The U.S. Department of Justice has charged two men — a Ukrainian and a Russian — with running AudiA6, a cryptocurrency mixing service that processed over 10,000 bitcoin worth roughly $390 million since 2021. Ruslan Igorevich Tkachuk, 37, and Alexander Vladimirovich Ledenev, 25, are accused of conspiracy to launder money and sting money laundering, each facing up to 20 years in prison. The arrests happened in Batumi, Georgia, part of a coordinated international sweep involving the U.S. Secret Service, IRS Criminal Investigation, Europol, and law enforcement from 15 countries.
How the mixer worked
AudiA6 wasn't just a crypto tumbler — prosecutors say its senior members also managed the Dark2Web cybercrime forum. The service took commissions of up to 5% per transaction and earned at least $10 million in fees. Investigators traced roughly 393 bitcoin — valued at about $19.2 million — directly to darknet markets, ransomware gangs, and other illicit sources. The rest of the 10,333 bitcoin came from users who may not have known the origin, but the operators allegedly didn't ask questions.

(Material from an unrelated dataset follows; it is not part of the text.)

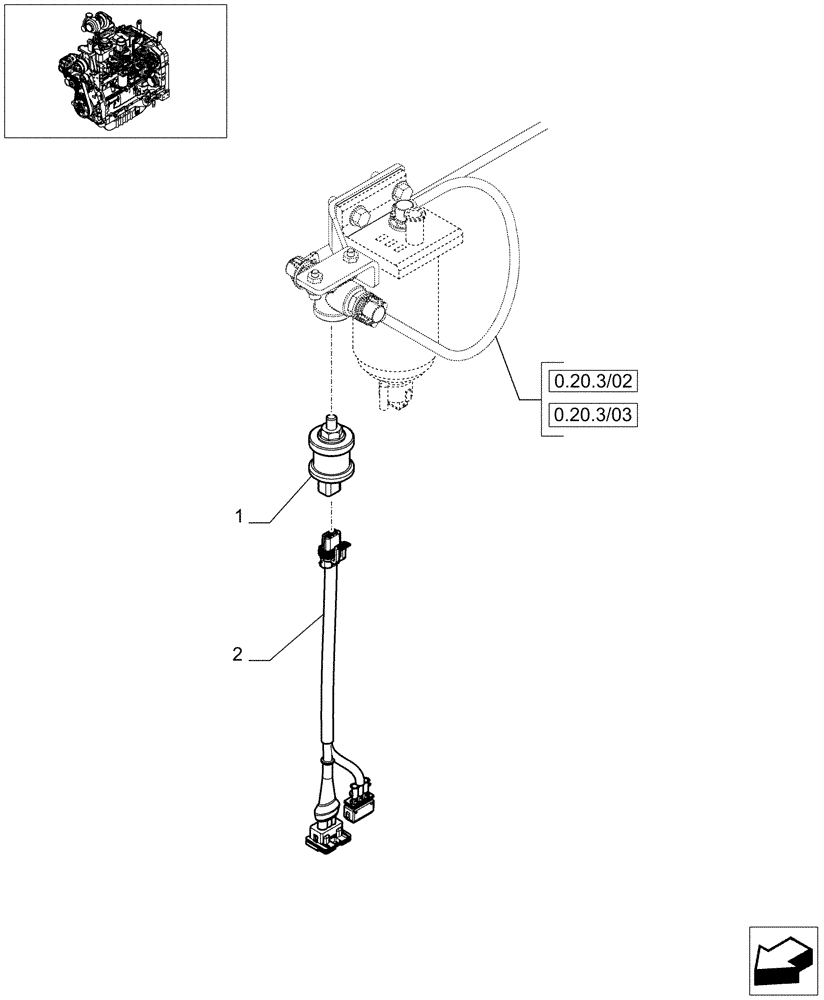 Схема запчастей Case IH MAXXUM 140 - (1.75.4[06]) - PIPING FUEL - PRESSURE SWITCH, HARNESS (06) - ELECTRICAL SYSTEMS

Undercover buys and a 'don't care' attitude
Between December 2022 and May 2026, FBI and Secret Service agents ran six undercover operations, posing as criminals looking to clean dirty crypto. In one exchange, an AudiA6 operator told agents they “don't care” if the bitcoin was stolen and suggested using the mixer for drug money. That kind of brazenness gave investigators enough to build the case.
What authorities seized
On the day of the arrests, teams searched three properties, grabbed digital devices, and froze cryptocurrency accounts. They also blocked Telegram accounts tied to the operation and replaced the AudiA6 and Dark2Web websites with seizure banners — a standard but effective move that tells visitors the feds are in control. The U.S. is now seeking extradition of both men to the Eastern District of Pennsylvania.
Assistant U.S. Attorneys Benjamin D. Traster and Sima Kazmir are handling the prosecution. The extradition process from Georgia could take months; Tkachuk and Ledenev will likely fight it. For now, the message is clear: running a mixer that processes hundreds of millions in crypto and openly serving criminals gets you a plane ticket to a federal courtroom.